Direct Path Workflow
In CpuSolver, before starting a heavy operation (like Matrix Multiplication):
- Attempt Pinning: Call
attempt_direct_path(). If successful, run BLAS on pinned memory. - Check Anti-Nanny: Call
MemoryGovernor::should_use_direct_path(). If true, run BLAS on unpinned memory (OS Paging). - Streaming Fallback: If both fail, run
matmul_streaming(Manual Tiling + Prefetching).
This strategy allows PyCauset to match the performance of in-memory libraries (like NumPy) for medium-sized datasets, while gracefully falling back to the robust, tiled, out-of-core solver for massive datasets.
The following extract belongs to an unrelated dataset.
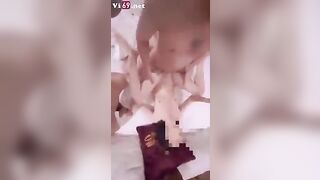E lớp trưởng bạo vc, Cho 2 thg báo của lò djt tập thể khẩu dám sướng vl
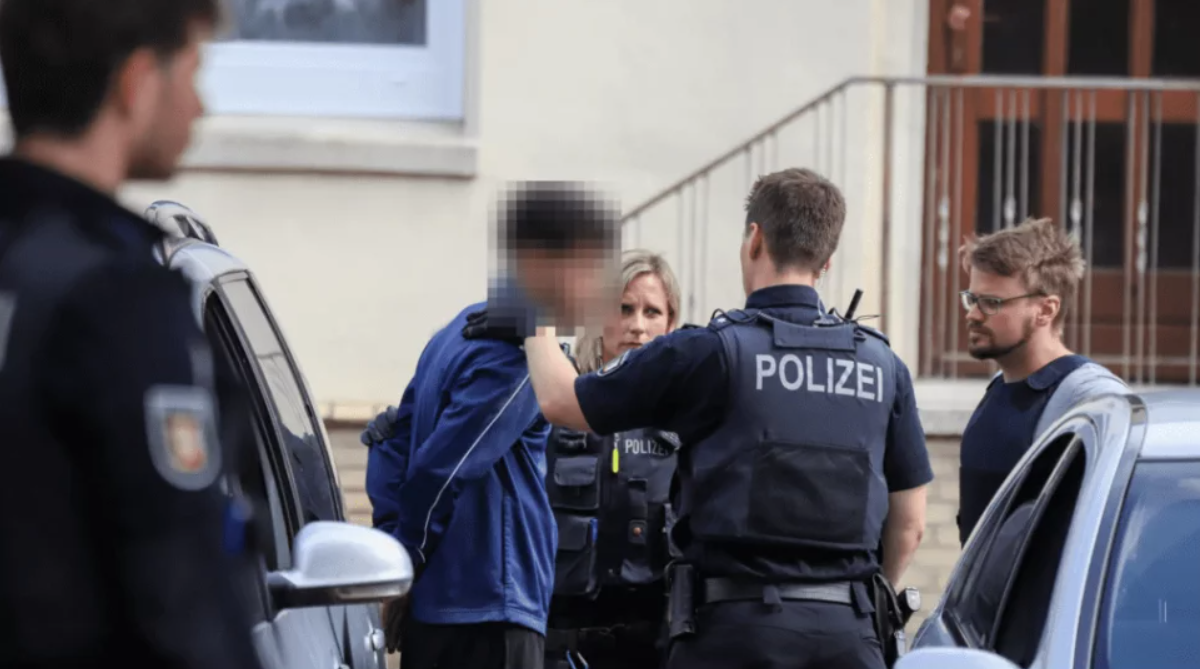 Dvojica migranata sirijskog podrijetla izbola učitelja: Pozadina zločina još je nejasna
Generalized Implementation
The "Direct Path" logic is implemented in a generalized helper attempt_direct_path<T> which supports both double and float. It is automatically attempted before falling back to the streaming/tiling logic.
Diagram
graph TD
subgraph Initial State
A[Matrix A] -->|shared_ptr| M1[MemoryMapper 1]
end
subgraph After B = A.copy
A2[Matrix A] -->|shared_ptr| M2[MemoryMapper 1]
B[Matrix B] -->|shared_ptr| M2
end
subgraph After B.set_element
A3[Matrix A] -->|shared_ptr| M2
B2[Matrix B] -->|shared_ptr| M3[MemoryMapper 2]
end
5. File Formats (R1_SAFETY)
PyCauset uses two distinct file formats for disk-backed storage.
5.1 Snapshot Container (.pycauset)
- Role: Portable, persistent storage for matrices and causal sets.
- Manager: python/pycauset/_internal/persistence.py.
- Structure:
- Header (4KB): Magic PYCAUSET, Version 1, Slot pointers.
- Slots (A/B): Double-buffered pointers to metadata blocks (crash consistency).
- Metadata: Typed JSON-like map (shape, dtype, properties).
- Payload: Raw binary data (aligned to 4KB).
5.2 Backing File (.tmp)
- Role: Temporary storage for spilled objects or large intermediates.
- Manager: src/core/MemoryMapper.cpp.
- Structure:
- Header (64 bytes): Magic PYCAUSET, Version 1, Reserved (zeros).
- Payload: Raw binary data.
- Safety: The 64-byte header prevents accidental loading of raw files as valid PyCauset containers (or vice versa). MemoryMapper distinguishes between the two formats by checking the "Reserved" field (which is non-zero in .pycauset headers).